▸ **TASK STATEMENT**: Leave the pictures behind and repeat all the entries exactly.

▸ **DATA FOR THE TASK**:
# # #

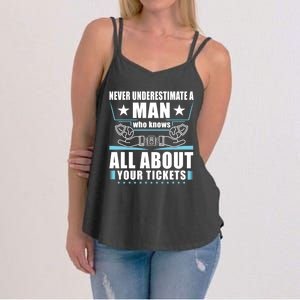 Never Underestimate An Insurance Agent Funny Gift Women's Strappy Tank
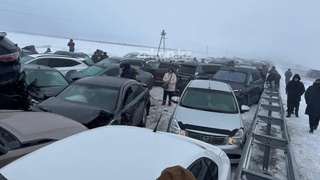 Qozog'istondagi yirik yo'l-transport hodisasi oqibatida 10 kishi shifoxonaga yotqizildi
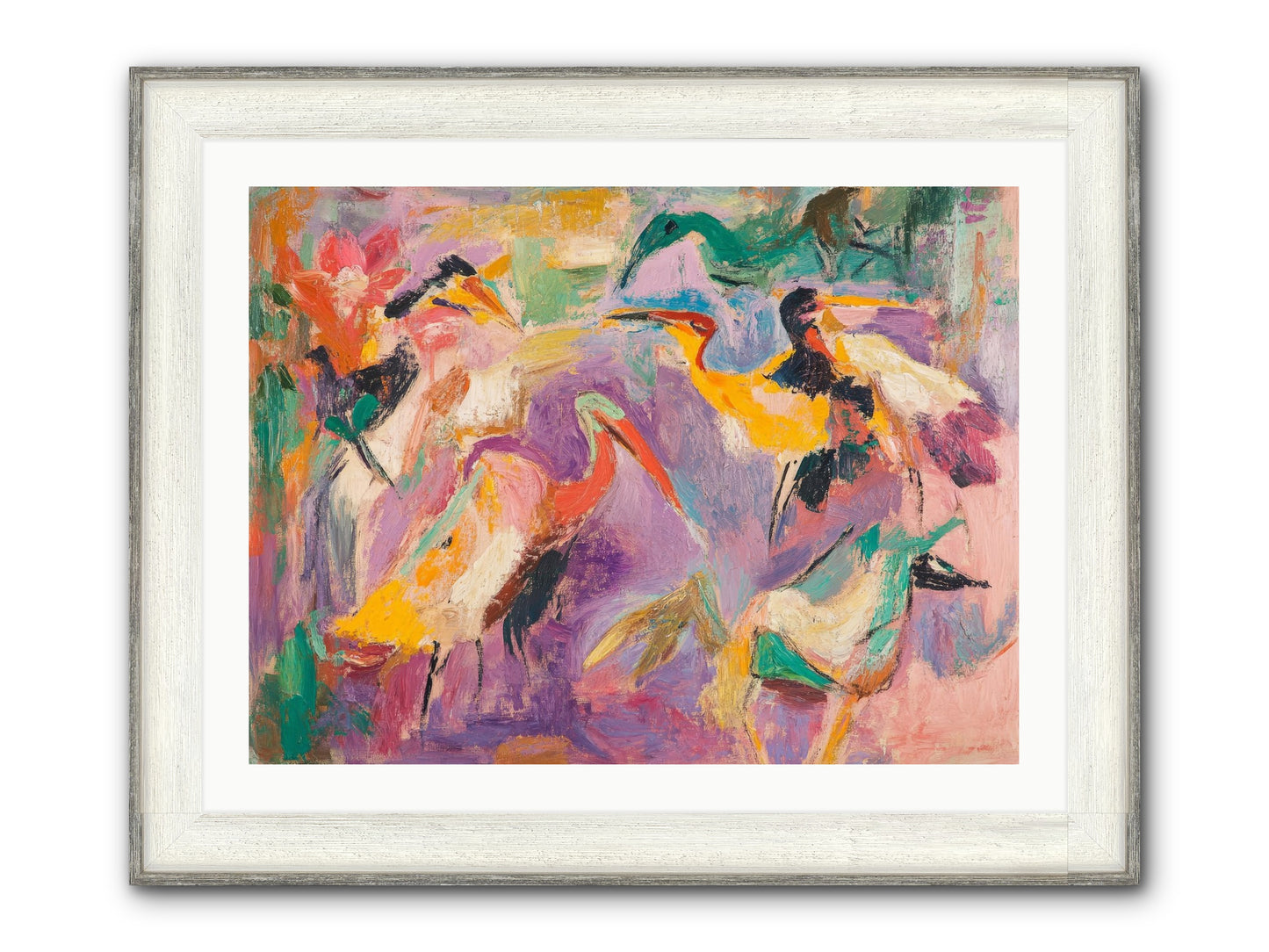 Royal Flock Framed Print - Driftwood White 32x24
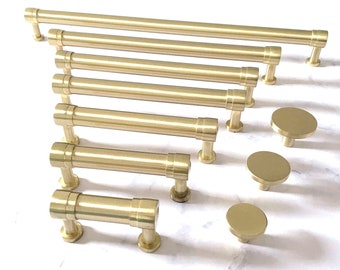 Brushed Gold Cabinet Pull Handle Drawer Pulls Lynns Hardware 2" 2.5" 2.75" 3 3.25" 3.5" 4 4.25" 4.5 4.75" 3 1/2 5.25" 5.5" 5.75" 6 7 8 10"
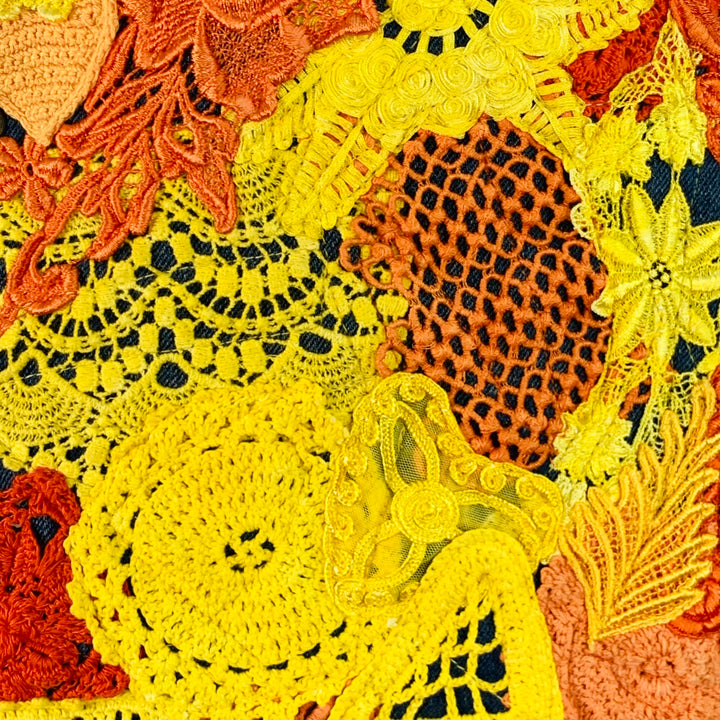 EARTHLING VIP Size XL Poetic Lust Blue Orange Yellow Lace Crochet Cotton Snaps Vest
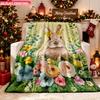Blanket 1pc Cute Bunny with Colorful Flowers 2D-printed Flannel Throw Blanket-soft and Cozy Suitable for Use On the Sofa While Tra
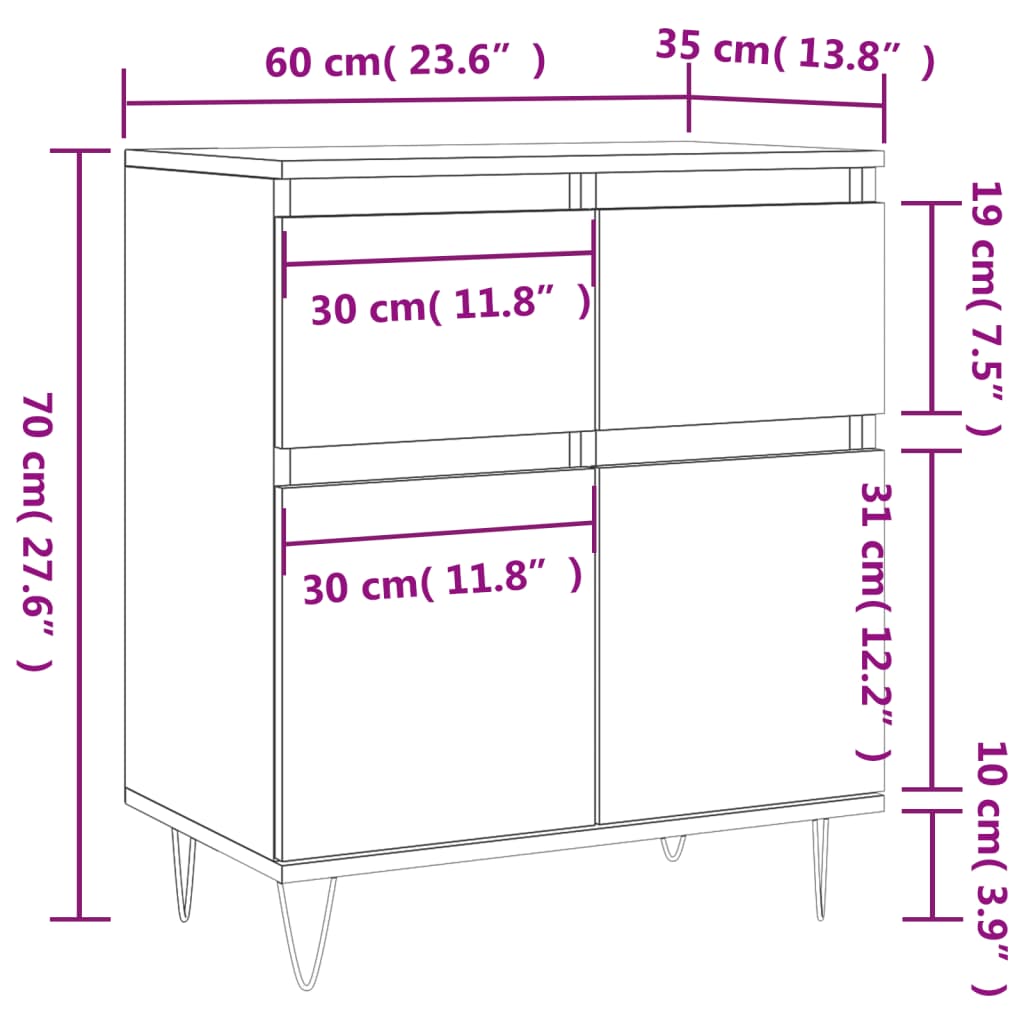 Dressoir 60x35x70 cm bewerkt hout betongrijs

# # #

▸ **RESPONSE TO THIS TASK**:
 Never Underestimate An Insurance Agent Funny Gift Women's Strappy Tank
 Qozog'istondagi yirik yo'l-transport hodisasi oqibatida 10 kishi shifoxonaga yotqizildi
 Royal Flock Framed Print - Driftwood White 32x24
 Brushed Gold Cabinet Pull Handle Drawer Pulls Lynns Hardware 2" 2.5" 2.75" 3 3.25" 3.5" 4 4.25" 4.5 4.75" 3 1/2 5.25" 5.5" 5.75" 6 7 8 10"
 EARTHLING VIP Size XL Poetic Lust Blue Orange Yellow Lace Crochet Cotton Snaps Vest
Blanket 1pc Cute Bunny with Colorful Flowers 2D-printed Flannel Throw Blanket-soft and Cozy Suitable for Use On the Sofa While Tra
 Dressoir 60x35x70 cm bewerkt hout betongrijs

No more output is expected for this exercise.